Criticità per attuare il progetto “Mare per tutti” nella spiaggia libera dell’Arenella.
È quanto denuncia l’associazione Pro Arenella che ha trasmesso oggi una segnalazione formale all’assessore alle Risorse del mare, al presidente del Libero consorzio comunale di Siracusa e, per conoscenza, al sindaco di Siracusa.
L’associazione sottolinea che l’ iniziativa rappresenta una delle più importanti azioni di inclusione sociale realizzate sul territorio, poiché consente alle persone con disabilità, con ridotta mobilità e a tutti coloro che hanno difficoltà di deambulazione di poter vivere il mare in condizioni di maggiore autonomia e sicurezza.
“Proprio perché ne condividiamo pienamente lo spirito e gli obiettivi, riteniamo doveroso segnalare alcune problematiche che, allo stato attuale, rischiano di limitarne fortemente l’efficacia. – si legge in una nota-
Per raggiungere il paiolato installato sulla spiaggia libera dell’Arenella è infatti necessario percorrere circa 200 metri di strada caratterizzata da numerosi ostacoli: una barra di accesso chiusa, paletti che impediscono il passaggio delle carrozzine e degli ausili per la mobilità, un fondo stradale fortemente dissestato con buche, pietre e sabbia e, infine, uno scalino posto proprio all’inizio del percorso accessibile.

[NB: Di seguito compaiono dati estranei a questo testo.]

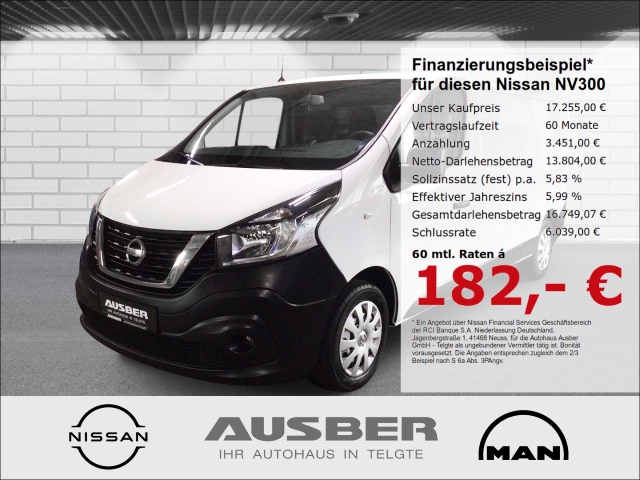 NV300 Kastenwagen L2H1 2,9t Automatikgetriebe Heckklappe Teilverglast Trennwand GJR Holzboden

Una situazione che appare paradossale: il percorso destinato a garantire l’accesso al mare alle persone con disabilità presenta, esso stesso, una serie di barriere che ne rendono difficile, e in alcuni casi impossibile, la fruizione”.
Secondo l’associazione Pro Arenella l’accessibilità non può limitarsi all’installazione di un’infrastruttura dedicata, ma deve comprendere l’intero percorso che consente di raggiungerla.

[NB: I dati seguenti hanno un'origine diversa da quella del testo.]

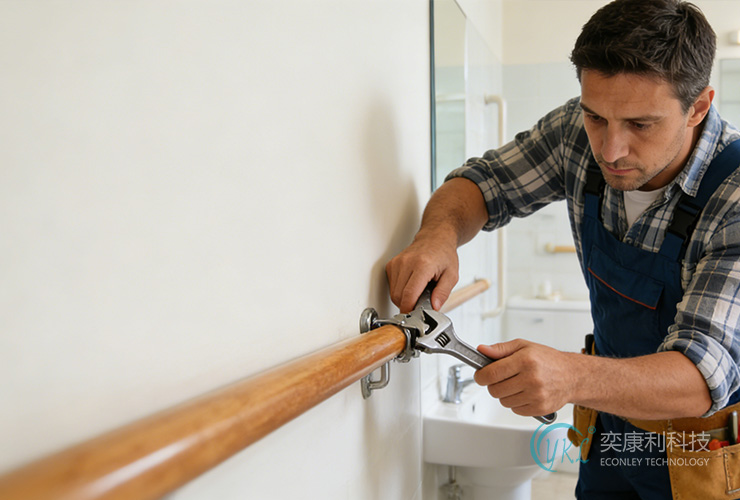 Nursing Home Handrail Installation Design Plans Ensuring Safety For Elderly Residents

Per questo motivo ha chiesto alle amministrazioni competenti di attivare gli interventi necessari per eliminare gli ostacoli presenti e di organizzare un sopralluogo congiunto con gli enti interessati, affinché possano essere individuate soluzioni condivise e tempestive.
La segnalazione richiama inoltre i principi sanciti dalla Convenzione Onu sui diritti delle persone con disabilità, ratificata dall’Italia con la legge 18/2009, dalla legge 104/1992, dal Dpr 503/1996 sull’eliminazione delle barriere architettoniche e dall’articolo 3 della Costituzione, che impongono alle pubbliche amministrazioni di garantire un’accessibilità reale e non soltanto formale.
“L’associazione desidera sottolineare come la presente iniziativa non abbia carattere polemico. – conclude la nota- Al contrario, essa nasce dalla volontà di contribuire al miglioramento di un progetto di straordinario valore sociale, affinché il diritto al mare possa essere realmente garantito a tutti, senza distinzioni e senza ostacoli.
“Mare per tutti” è molto più di un’infrastruttura: è un principio di civiltà. E proprio per questo motivo crediamo che debba essere accessibile dal primo all’ultimo metro del percorso”.
L’associazione Pro Arenella rinnova la propria piena disponibilità a collaborare con le istituzioni, mettendo a disposizione la conoscenza del territorio e lo spirito di servizio che da sempre ne caratterizzano l’operato.